This week's unveiling of SAP HANA 2.0 is of particular symbolic and practical importance for both SAP and its customer base, as it underscores how much the in-memory computing platform has matured even as SAP races to add scores of new features.

First released in 2010, HANA has become the focal point for most of SAP's development activities (and branding), whether concerning the core database, specialized applications, HANA Enterprise Cloud and HANA Cloud platform.

HANA 2.0 is far from the second version of the product; rather, the name marks the start of a second era. SAP has added new features to HANA through what it calls support package stacks, and released SPS 12 last year. The plan going forward will see SAP offer standard maintenance—security patches and bug fixes only—for SPS 12 until May 2019. This is aimed at serving customers who don't want to get involved with upgrades on certain workloads for now.

All new innovations, however, will go into HANA 2.0, with a twice-yearly release cadence for new support package stacks. Customers who want to take advantage of those bleeding-edge options can move to HANA 2.0. SAP says the process is a "simple upgrade" and not a database migration. Existing reports and applications will run without changes on HANA 2.0, SAP adds.

Customers who haven't applied SPS 12 yet are encouraged to, as the release offers capture and replay capabilities that can be used to test how production workloads will behave on HANA 2.0.

The initial RTC (release to customers) of HANA 2.0 will come at the end of November. About those new features: There are many, as outlined in SAP's announcement:

•       Database Management – IT organizations will be able to ensure business continuity with enhanced high-availability, security, workload management, and administration enhancements. For example, the new active / active read-enabled option will enable IT organizations to leverage secondary systems – previously used only for system replication – to offload read-intensive workloads for improved operations.
•       Data Management – Businesses are expected to leverage all data regardless of where it resides with enhancements to enterprise modeling, data integration, data quality and tiered storage. For example, the new SAP Enterprise Architecture Designer, Edition for SAP HANA is a Web-based solution that will allow IT organizations to manage complex information architectures and visualize the potential impact of new technologies before they are implemented.
•       Analytical Intelligence – Developers are projected to embed rich insight into applications with enhanced analytical processing engines for text, spatial, graph and streaming data. For example, new algorithms for classification, association, time series and regression have been added to the predictive analytics library, which will empower data scientists to discover new patterns and incorporate machine learning in custom applications.
•       Application Development – Developers are expected to build and deploy next-generation applications with enhanced capabilities for the application server, development tools and languages. For example, Bring your own Language support provides a choice of additional third party build packs and runtimes that can be used within the SAP HANA extended application services, advanced model. Also, a new file processor API will enable developers to extract text or metadata from documents for delivering deeper insights.

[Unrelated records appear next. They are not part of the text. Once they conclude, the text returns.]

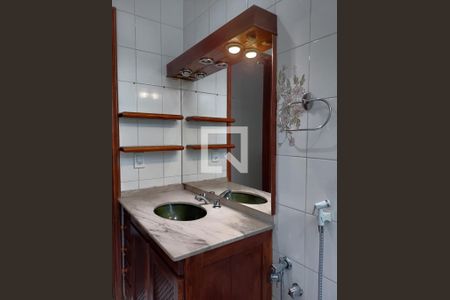 Apartamento para alugar com 205m², 4 quartos e 3 vagasBanheiro da Suíte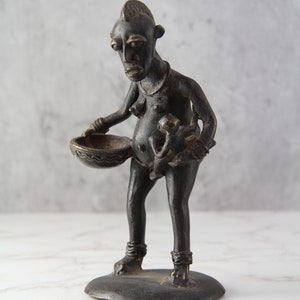 Bronze Anthropomorphic figure, Bronze Sculpture of a mother  with a baby. Mali, Africa. Ethnic, tribal, ancient statue ,  shelf Décor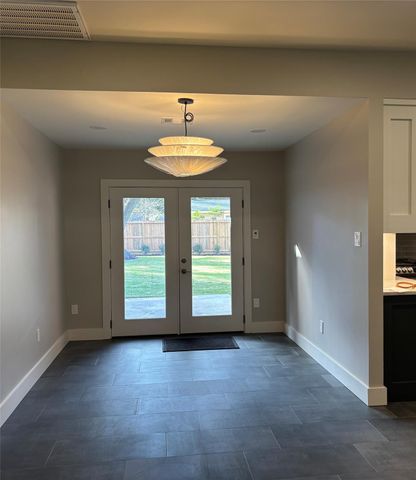 2223 Hialeah Drive, Houston, TX 77018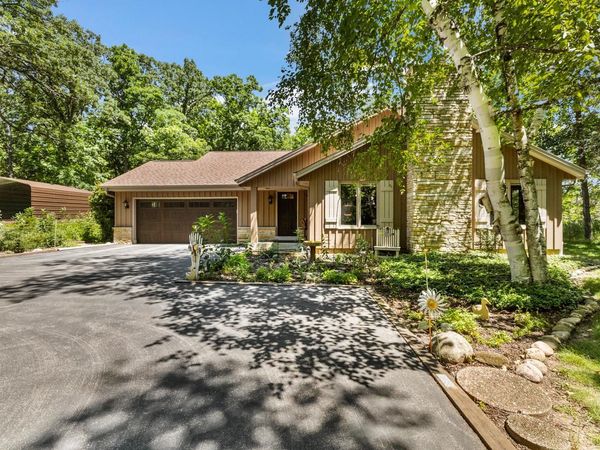 W342S4510 Moraine Hills DRIVE, Dousman, WI 53118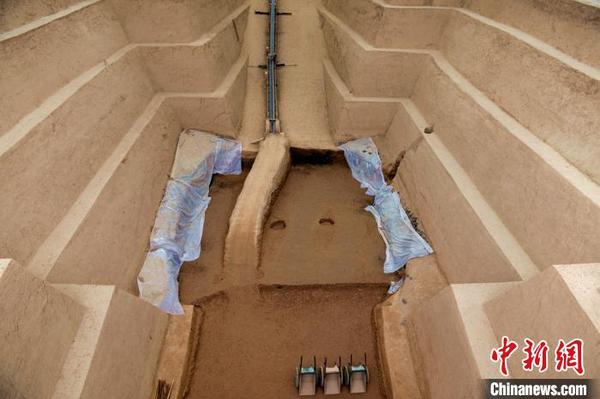 秦始皇陵陵西发现大型墓葬。秦始皇帝陵博物院供图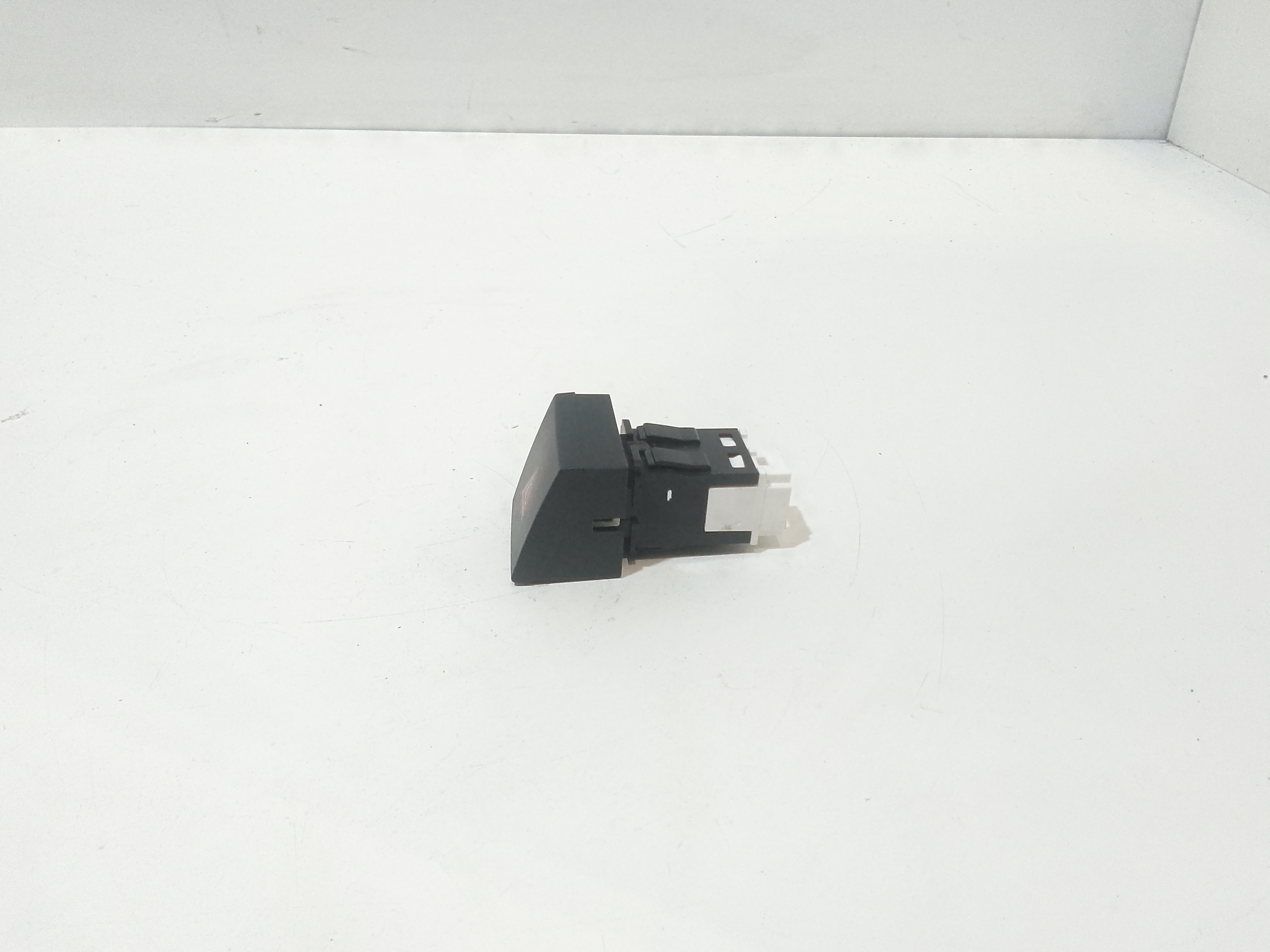 Pulsante luci di emergenza per Peugeot 508 Station Wagon (2011 - In produzione)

Microservices is one of the hotter buzzwords in software today, and SAP is addressing it with HANA 2.0:

Users of cloud-based microservices powered by SAP HANA can enhance applications with analytical insight with simple APIs using any language or development platform.
The new cloud services include:
•       Entity extraction, fact extraction and linguistic analysis: Use text data processing capabilities of a managed SAP HANA instance in the cloud for application enhancement with natural language processing.
•       Earth Observation Analysis service (beta): Co-innovated withEuropean Space Agency (ESA) and based on the Open Geospatial Consortium (OGC) EO-WCS standard, this microservice accesses satellite data from ESA and uses SAP HANA spatial processing in the cloud.

"It's good to see SAP pushing HANA forward," says Constellation Research VP and principal analyst Holger Mueller. "There are a number of good new capabilities in the area of data management, machine learning, analytics and bring-your-own language. But we have to see if this is truly a new platform, or just a well marketed 'fork' in the product."

"Ultimately it is a sign of success for the HANA platform," he adds. "Some customers are looking for stability and no changes, as they are in production, and other customers want or need to push the envelope with the latest and greatest."